THE NEWARK DRIVE-IN

January 6, 2010 at 11:02 pm Leave a comment

MEMOIR

THE NEWARK DRIVE IN

On the far eastern edge of Newark, tucked between the Jersey City and New York City bound bridges, stood the Newark Drive In. The drive in was directly under the flight path of nearby Newark Airport, which tended to make listening to the movie something of a challenge. When approaching the drive in, you were greeted by the swampy, musty smell of Newark Bay. A resident of ‘The Dumps’ (what the locals called the area surrounding the theater) added to the odors of its refineries and sewage treatment plants to the ambiance of the area.
The drive in was surrounded by a tall wooden fence marking its boundaries with a total lack of landscaping of any kind, being true to the Newark life style – bare essentials is all that you get.
On warm summer nights my family would pack into the old Chevy with food and pillows and head to the drive in. The smaller kids would already be in their pajamas in anticipation of not making it to the second movie of the double feature. Being the oldest, I was given the opportunity to sit up front and in those days of front seats being bench seats, providing plenty of room.
Arriving at the drive in just before dusk, my dad paid and was given the PIC and off we would go. PIC was an insect repellent product. It was a flat spiral affair. You lit the end and it would give off a pungent aroma daring mosquitoes to venture near. I really don’t know if it worked because we would also douse ourselves with insect repellent to ward off the visitors from the nearby swamps.

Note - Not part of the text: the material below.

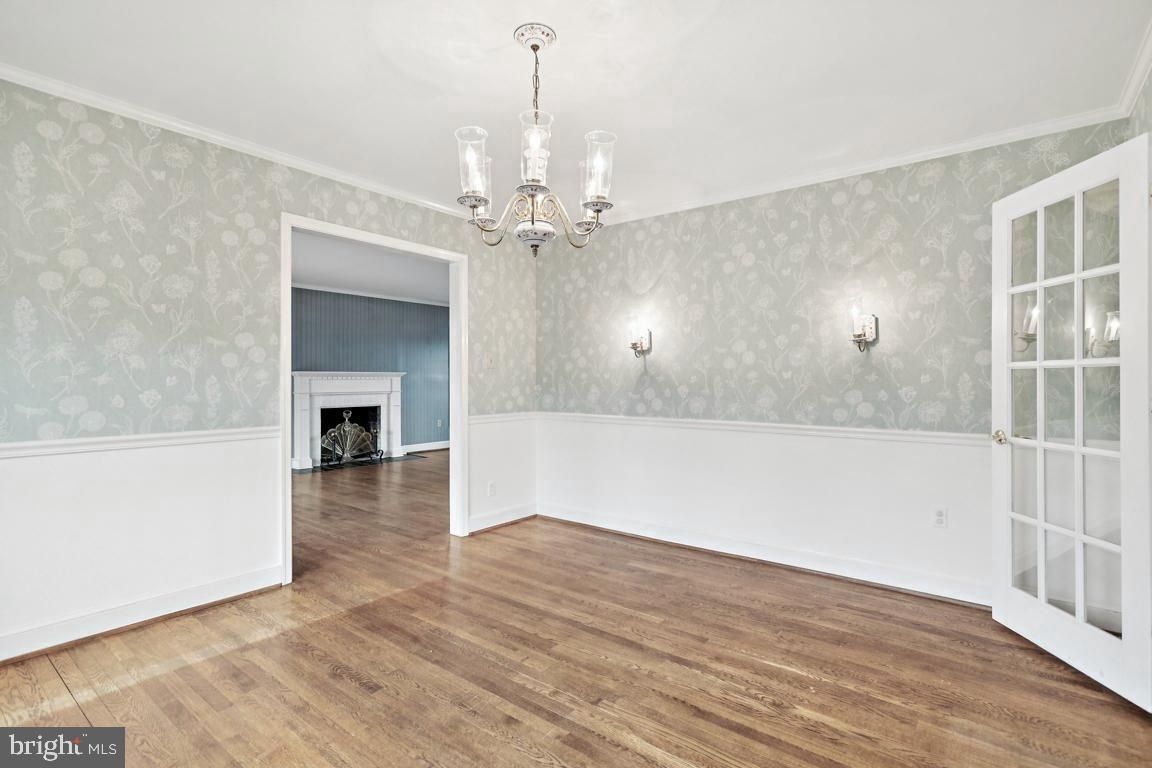 WATERLOO FARMS - Residential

During this period, mosquito-borne encephalitis (sleeping sickness) was a constant threat. On summer nights in Newark, trucks would go through the city streets emitting clouds of insect repellent.
On these same summer nights in our flat, ineffective screens would keep all but the largest and dumbest insects out of our house. When all were in bed, my mother would walk the length of our flat spraying insect repellent while telling all of us to close our eyes. As we lay in bed, you could feel the particles of spray falling on your body.

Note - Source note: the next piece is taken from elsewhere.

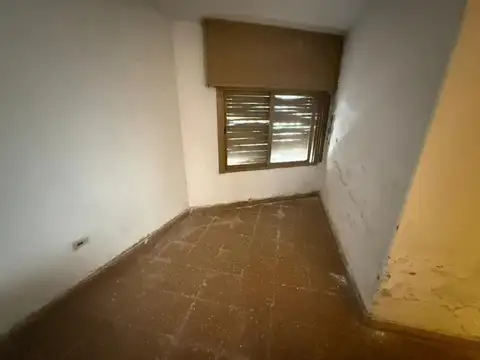 CASA 2 DORM A REFACCIONAR EN MAIPU SECCION 2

Once in the theater, we’d find our spot and park the car at just the right angle on the mound that ran the length of the theater to get a perfect view of the screen for everyone. The smaller kids, in their pajamas, would head for the playground and run around till they couldn’t see what they were doing which also indicated that it was time for the movie to begin.

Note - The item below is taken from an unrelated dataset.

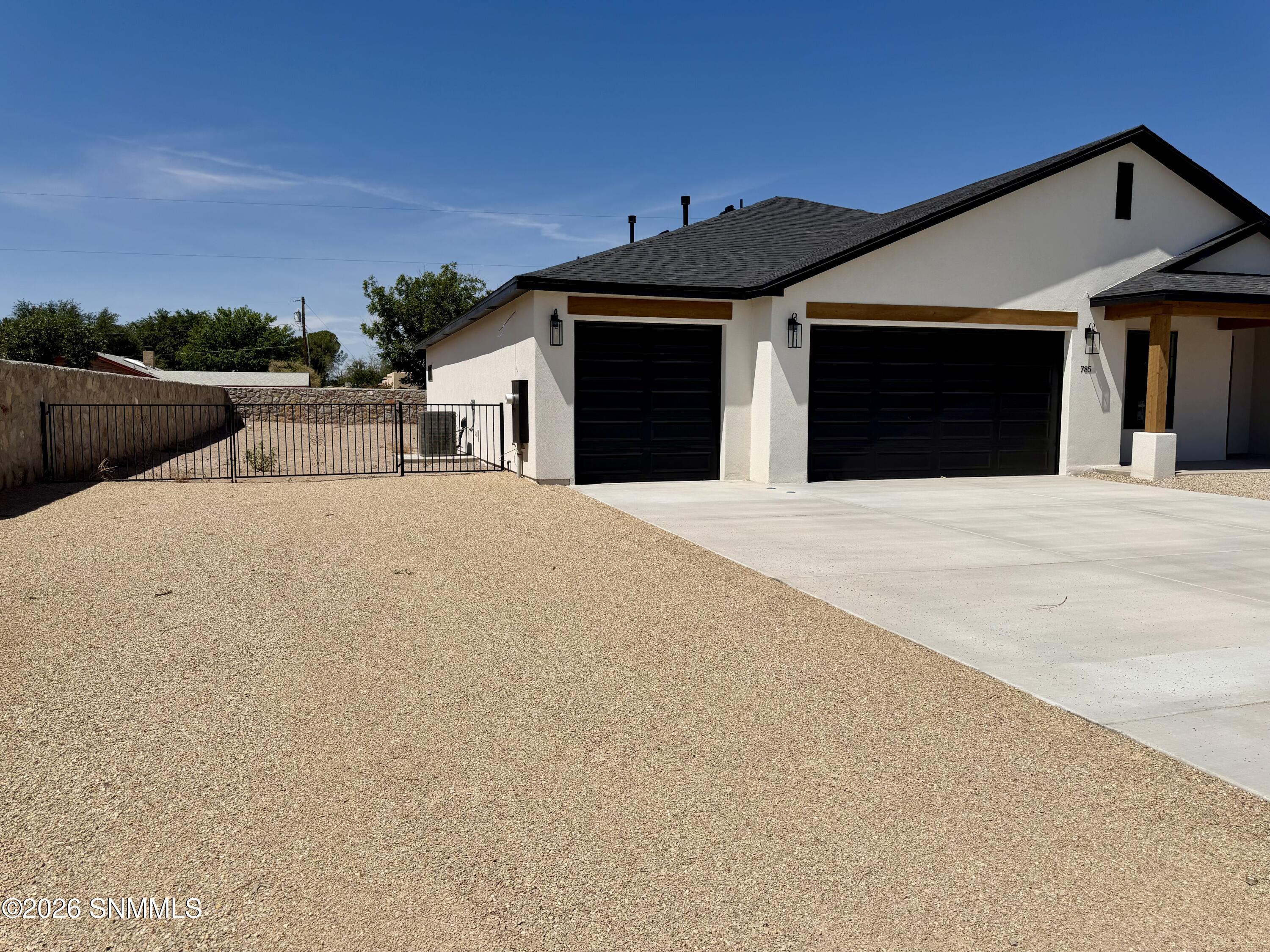 785 Basha Arc Property Photo 6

One movie I recall seeing was entitled Macabre. The movie was supposed to be so scary that you were issued a life insurance policy when you entered the drive in. It was good for the length of the movie and if you should be unlucky enough to die of a fright-induced heart attack during the movie you collected, or you next of kin anyway. The movie was a real bomb; the cartoon was scarier. I wondered though what would have happened if someone would have dropped dead of your usual run-of-the-mill heart attacks.
There was always an intermission between movies, time to advertise the goodies available at the snack bar. The screen would be full of dancing hot dogs and talking cups of soda all counting down the fifteen minutes till the next show. The audience was your typical Newark crowd, the women in their smocks and the dads in their handlebar tee shirts. They thrived on meat and potatoes, with hot dogs and sodas would be your typical snack. But one snack that was advertised every time I went to the drive in was Flavo Shrimp Rolls. The only place you could buy a Flavo Shrimp Roll was at the drive in, they did not exist outside their gates. I’m sure you could get other shrimp rolls someplace else in Newark, maybe in the small China Town on Mulberry Street, but I don’t think your typical Newark crowd ate many shrimp rolls. But up there on the screen, after the hot dogs had danced off you could see the cartoon characters lining up for their Flavo Shrimp Rolls. I think we actually bought one once, only once. It was a deep-fried affair running in grease. I would wonder who looked at the crowd coming into the drive in and said to himself, “These people will buy up Flavo Shrimp Rolls like there’s no tomorrow.”
The Newark Drive In is gone now, long gone. Last I heard, a movie theater stands where the drive in once existed. And I’m sure with the demise of the drive in went the opportunity for anyone to buy a Flavo Shrimp Roll.